Israeli Prime Minister Benjamin Netanyahu claimed there was “strong evidence” that hostages were being held at the hospital, but that they were no longer there when the hospital was raided.
“We had strong indications that they were being held in Shifa Hospital, which is one of the reasons we entered the hospital,” he told CBS Evening News. “If they were there, they were taken out.”
The Hamas-led Ministry of Health in Gaza today claimed that a shell struck the second floor of the Indonesian hospital, killing at least twelve people and a medical worker, as part of the IDF’s efforts to provide medical to clear facilities in Gaza that it claims are used by Hamas. as cover.
Heavy fighting broke out around the Indonesian hospital, which has housed thousands of patients and displaced people for weeks.
The fighting came a day after the World Health Organization evacuated 31 premature babies from Gaza City’s Al-Shifa hospital, the enclave’s largest, where they were among more than 250 seriously ill or injured patients stranded there for days after Israeli forces invaded the complex.

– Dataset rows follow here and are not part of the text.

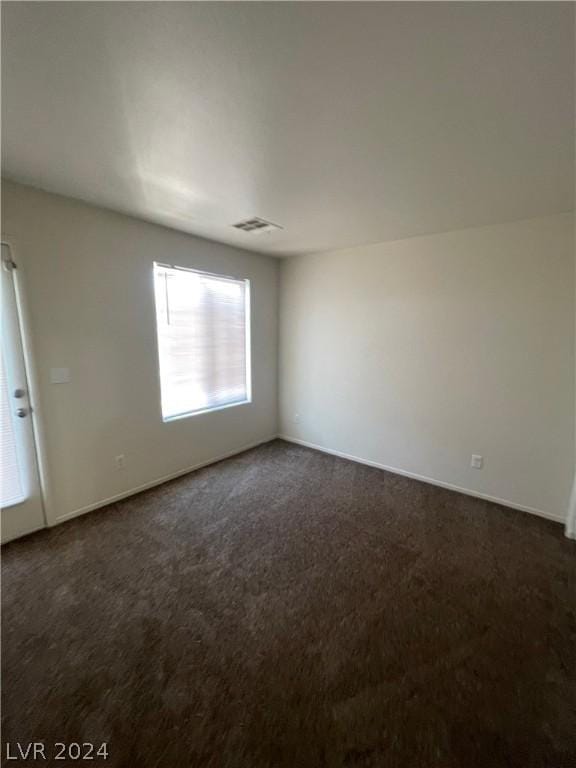 empty room with dark carpet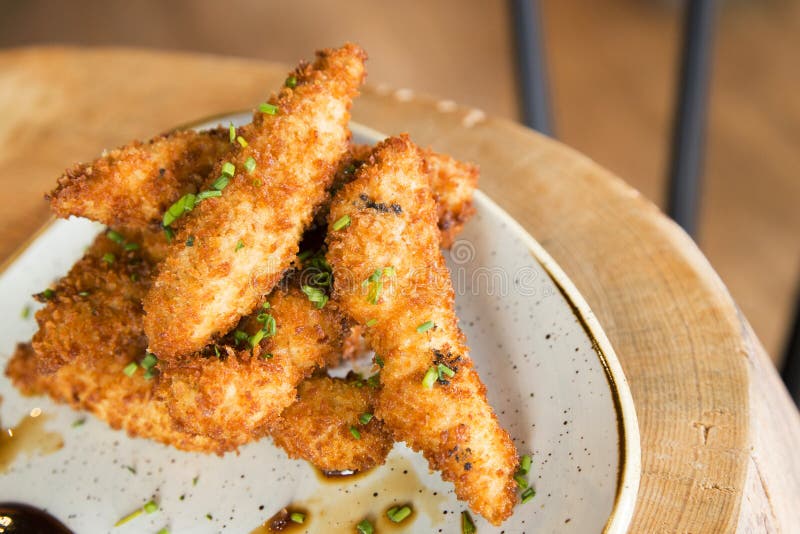 Battered Chicken Fingers in Spain. Stock Image Image of crispy
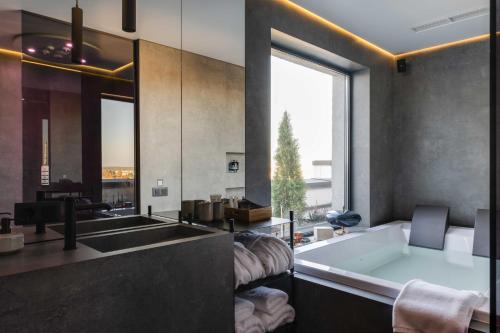 baño con bañera y ventana grande en Be The One Hotel, en Kiev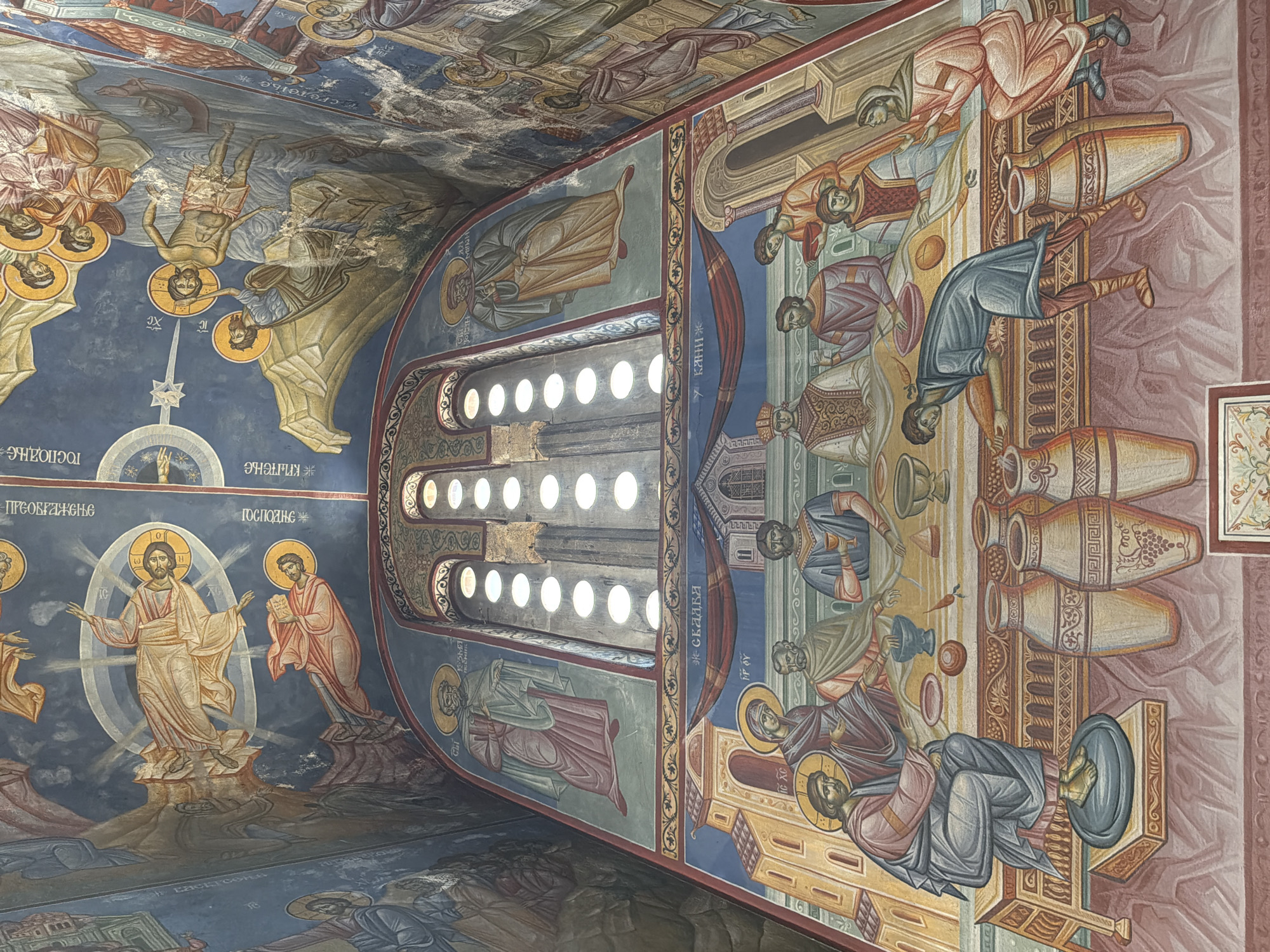 This image depicts a detailed fresco adorning the interior of the Church of the Holy Annunciation in Trebinje, Bosnia and Herzegovina. The fresco covers the ceiling and upper walls, depicting religious scenes in a traditional Byzantine style.
The central portion of the image focuses on a fresco above a large arched window. This fresco features figures in flowing robes against a deep blue background. In the upper section of the ceiling, Christ is depicted with a halo and surrounded by a circular mandorla. Below him, other figures with halos are visible, some in light-colored robes and others in red. The fresco continues with scenes of what appear to be biblical events, including figures being baptized or immersed in water, with rocky landscapes and starry backgrounds.
The lower section of the fresco showcases a narrative scene with multiple figures gathered around a table. A central figure, likely Christ, is seated on a raised platform, wearing a blue robe and with feet elevated. He appears to be interacting with individuals around the table, some of whom are seated and others standing. A prominent feature of this scene is a series of large ceramic vessels, resembling amphorae, arranged on the floor. Some of these vessels are intricately decorated with geometric patterns and grapevines. The figures are depicted with characteristic halo and stylized attire. The overall color palette is rich, with blues, reds, golds, and earthy tones. The environment is suggestive of an interior space within a church, with architectural elements and religious iconography.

Israel says Hamas is using civilians and hospitals as shields, while critics say Israel’s siege and brutal aerial bombardment amount to collective punishment of the 2.3 million Palestinians in the area after Hamas’s Oct. 7 incursion into southern Israel.
According to Palestinian health authorities, which do not distinguish between civilian and militant deaths, more than 11,500 Palestinians, two-thirds of them women and children, have been killed since the war began, while about 2,700 people are reported missing.
About 1,200 people were killed in Israel, mainly in the October 7 attack, and about 240 were captured by militants.